Auch für Kinder, die in diesem Jahr erst noch geboren werden, und für Kinder, deren Kindergeldanspruch in den vergangenen Monaten seit Januar bereits erloschen ist oder demnächst erlischt, gibt es die 300 Euro. Kindergeldanspruch besteht bis zu einem Alter von höchstens 25 Jahren, solange die Kinder in der Ausbildung sind.

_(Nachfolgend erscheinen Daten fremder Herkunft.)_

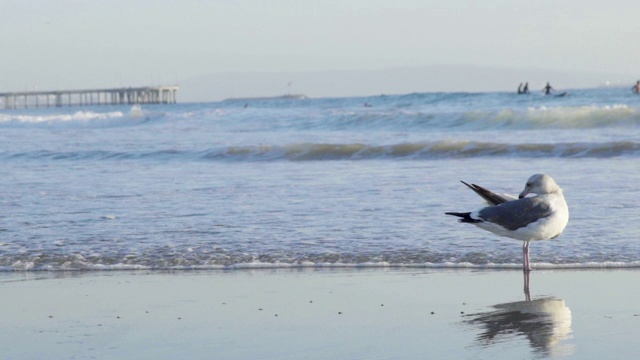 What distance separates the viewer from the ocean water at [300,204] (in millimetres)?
7348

Auf Kritik, Besserverdiener bräuchten diesen Bonus nicht, reagierte die Koalition. „Dieser Bonus wird mit dem steuerlichen Kinderfreibetrag vergleichbar dem Kindergeld verrechnet.“ Bei einer Paarfamilie mit einem Kind gehe man davon aus, „dass man bis zu einem Bereich von 90.000 Euro zu versteuerndem Einkommen hier noch vom Kinderbonus profitiert“, sagte Giffey. Hartz-IV-Empfänger brauchen nicht zu fürchten, dass ihnen von den 300 Euro etwas abgezogen wird: „Der Bonus wird nicht auf die Grundsicherung angerechnet.“ Lesen Sie mehr: Das müssen für den Kindergeld-Bonus Eltern tun – Abzug von Hartz 4?
Die Maßnahme kostet rund 4,3 Milliarden Euro . Familien waren vom Lockdown besonders betroffen. Auch Alleinerziehenden will die Koalition helfen. Angesichts des höheren Betreuungsaufwand in der Corona-Krise werde befristet auf zwei Jahre der Entlastungsbeitrag von derzeit 1.908 Euro auf 4.000 Euro angehoben und damit mehr als verdoppelt.

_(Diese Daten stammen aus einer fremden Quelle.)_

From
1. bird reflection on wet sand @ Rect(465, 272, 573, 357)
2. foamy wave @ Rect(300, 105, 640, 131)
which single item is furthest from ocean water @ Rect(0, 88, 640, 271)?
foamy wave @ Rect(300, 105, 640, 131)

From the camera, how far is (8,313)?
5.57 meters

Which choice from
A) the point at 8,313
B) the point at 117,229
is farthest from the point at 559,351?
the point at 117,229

Um die Nachmittagsbetreuung an Grundschulen und das Ganztagsschulangebot zu verbessern, erhöht der Bund seinen Zuschuss von zwei auf vier Milliarden Euro. Für den weiteren Kita-Ausbau schießt der Bund eine Milliarde Euro zu.
Umweltprämie erhöht – aber keine Autoprämie für Diesel und Benziner
Die Koalitionäre widerstanden hier maximalem Lobbydruck. Es wird keine Neuauflage der Abwrackprämie für Diesel und Benziner wie nach der Bankenkrise geben . Stattdessen will der Bund die bereits bestehende Umweltprämie beim Kauf von umweltfreundlicheren Elektro-Autos von 3000 auf 6000 Euro erhöhen. Dies gilt bis zu einem Nettolistenpreis des E-Fahrzeugs bis zu 40.000 Euro.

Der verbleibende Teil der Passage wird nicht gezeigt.